• **Exercise directions**
Pictures are not part of the copy. Write out exactly the lines from the line with "Unstitched Cotton Black" through the end of the entries below.

══ Data for processing ══

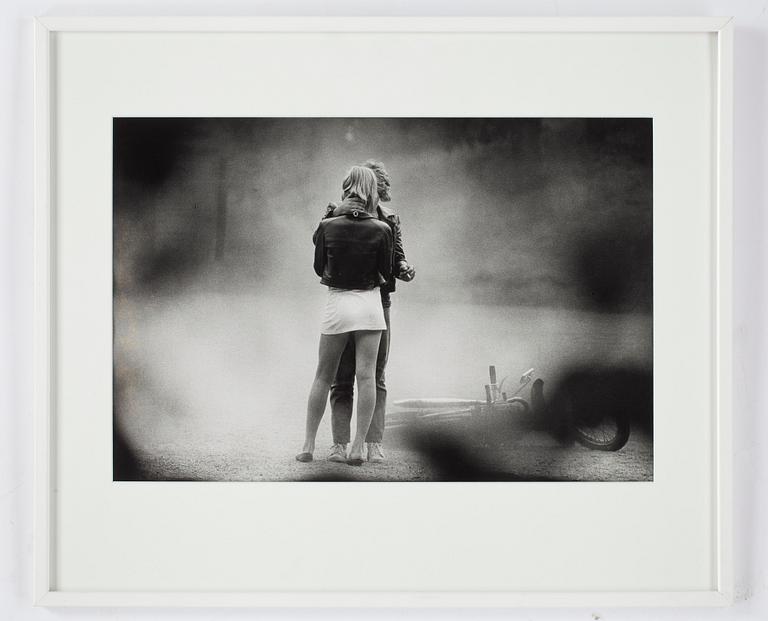WALTER HIRSCH, gelatinsilverfotografi,"En kärlekshistoria". Signerad och daterad i maj 1970. Numrerad 5/15.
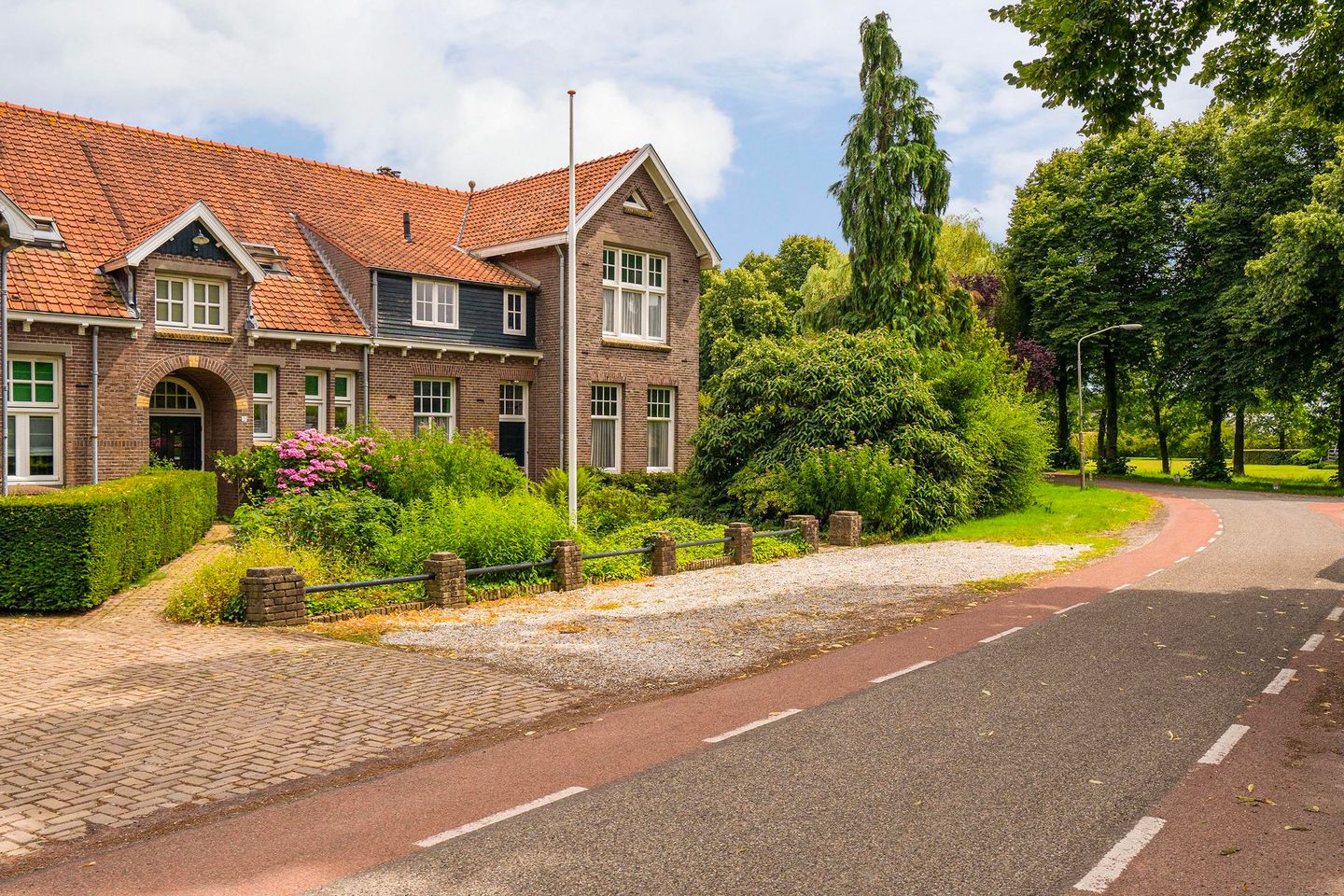 Foto 55 van Loonsestraat 3-A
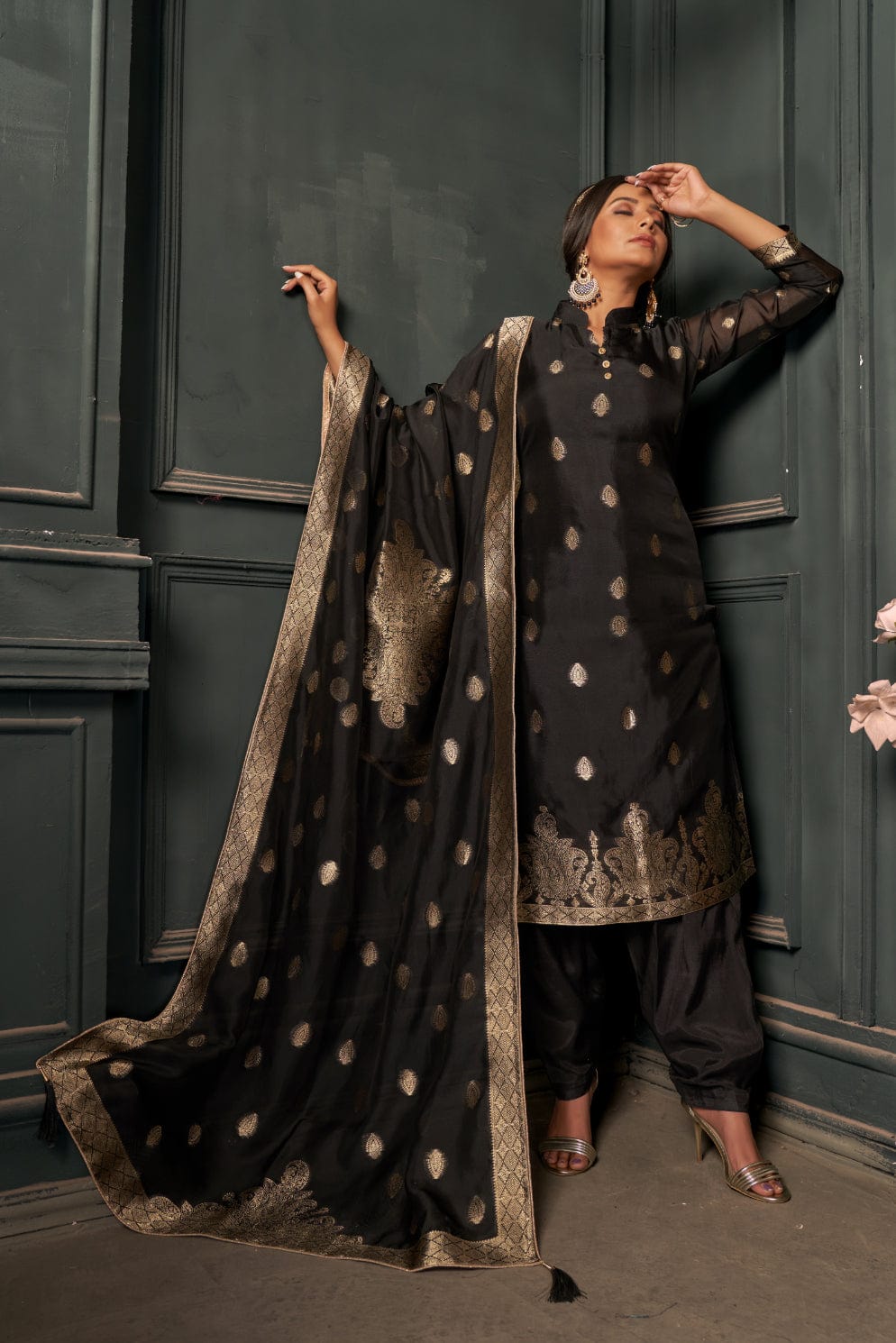 Unstitched Cotton Black Women Salwar Suit with Dupatta – Stilento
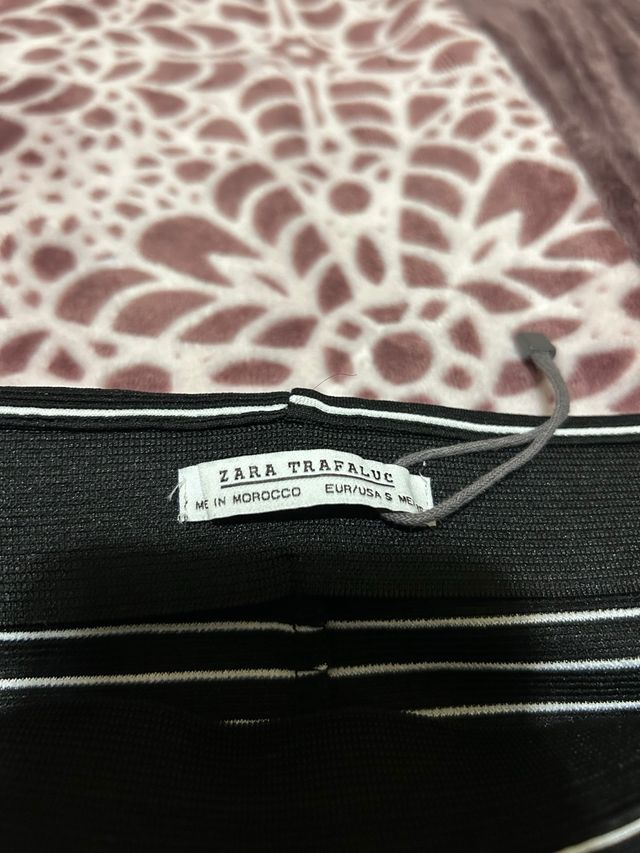 Mini Falda Zara Trafaluc - Negra - T-S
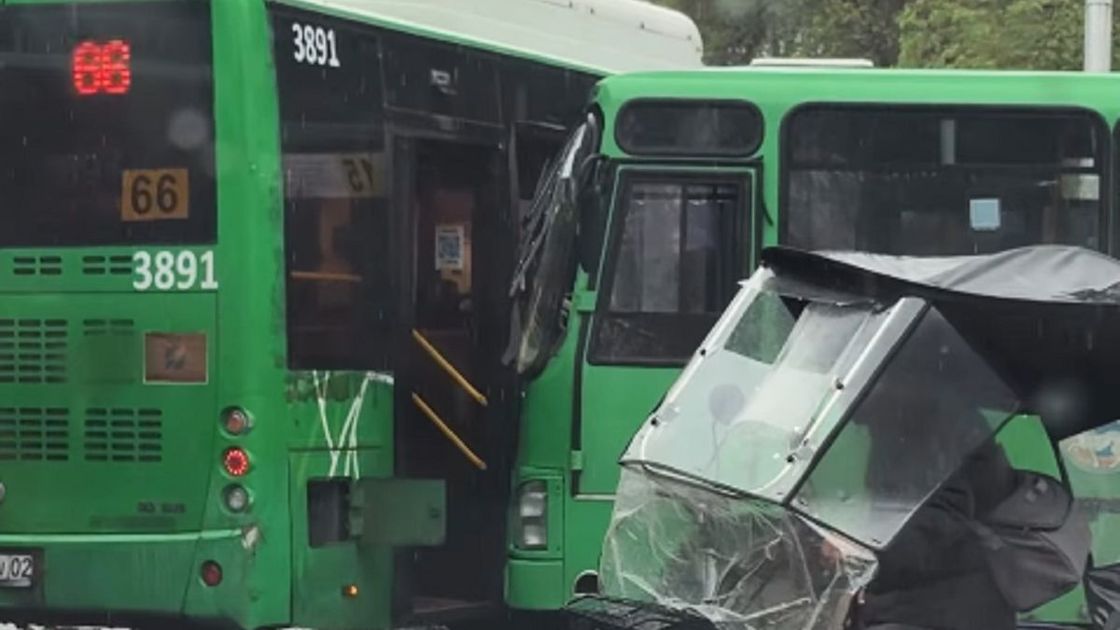 Автобусы столкнулись в Алматы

═══

• **Solution**
 Unstitched Cotton Black Women Salwar Suit with Dupatta – Stilento
 Mini Falda Zara Trafaluc - Negra - T-S
 Автобусы столкнулись в Алматы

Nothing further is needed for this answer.